I’ve seen more doctors these last six months than I did for the first 30 years of my life. There’s hardly anybody that specializes in these symptoms yet. I have to be my own advocate, and it’s exhausting. I do my own research in covid forums online. I think I might have something called dysautonomia, where your brain stops telling the body how to do normal functions, but only a few doctors study that, and the wait-list for an appointment is more than two years. I managed to get in to see an internist in Chicago, but he sent me back to the emergency room, so that didn’t help. I found a rheumatologist, and she referred me to another rheumatologist, who sent me to a specialist out of state, and then he referred me to a cardiologist instead.
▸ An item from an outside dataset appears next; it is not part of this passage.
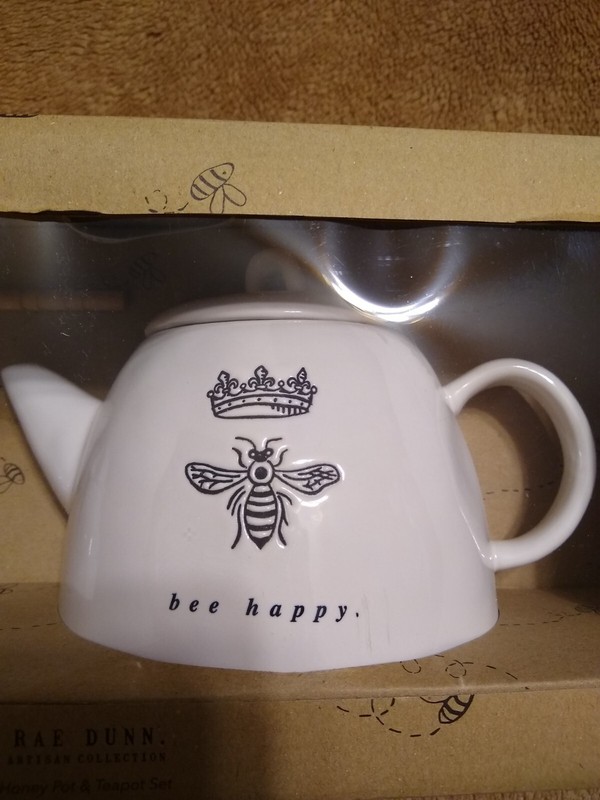 Rae Dunn Artisan Collection Bee Happy Tea Pot Crown and Honey Pot Brand New HTF gallery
I’m going around in circles looking for any kind of answer, but mostly it seems like they’re guessing. I’ve been told I might have Lyme disease, or something called POTS syndrome, or chronic fatigue, or fibromyalgia, or anxiety and depression. I have this big pillbox now, and a lot of the medications are still experimental, so we have to pay for them out of pocket. I take two antidepressants, vitamin D and a whole bunch of other stuff. My husband keeps track of the medications because it’s too much for me. He worked a connection to get me in to see a neuro-infectious-disease doctor. He assessed me and gave me a cognitive test, which I failed. He said 10 percent of people who get covid might end up having long-lasting neurological effects from this virus. He said: “It might be years before we fully understand it.”
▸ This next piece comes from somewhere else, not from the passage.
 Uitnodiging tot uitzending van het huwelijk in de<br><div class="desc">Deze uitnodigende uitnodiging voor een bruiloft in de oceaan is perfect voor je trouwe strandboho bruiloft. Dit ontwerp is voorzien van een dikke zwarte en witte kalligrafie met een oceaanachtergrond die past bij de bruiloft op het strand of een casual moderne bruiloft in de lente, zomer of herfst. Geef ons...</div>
If nobody knows what’s wrong, how do I get better? My vitals are usually normal. My lung scans look fine. My bloodwork turns out to be okay.

It sounds crazy, right? Am I crazy? I definitely have that psychological battle where I start to doubt everything. Could it all be in my head? I’ll tell myself I need to try harder. I’ll force myself out of bed, but then I get in the shower and the hot water turns my hands purple. My heart rate spikes. I get so dizzy I have to sit down.

I need help with everything. I can’t really drive. My husband and I moved out to the suburbs to be near my parents, and I have this great support system, but honestly, I feel like a burden. My husband is the full-time worker, full-time caretaker, full-time housekeeper. He’s been amazing, but we’re supposed to be starting our lives together, and now he has a little walkie-talkie to remind me about my medicine. He checks on me every hour, and meanwhile, I’m like this helpless 10-year-old just lounging in bed. The boredom is constant. I play some video games. I look online at house decor. One doctor told me arts and crafts could be a good way to keep my hands active, so that’s how I got through the holidays. On Halloween, I sat in bed and decorated paper pumpkins. I drew little scarecrows and taped them up on the wall. “Good work, Kaitlin! You’re using your brain. You should be so proud!”

It’s guilt. It’s anger and self-loathing. I have therapy once a week, and it helps. We’ve talked a lot about acceptance. I’m trying to accept that I’m not going to wake up one day feeling all better. I’m trying to let go of my expectations, but there’s grief in that. It feels like surrender.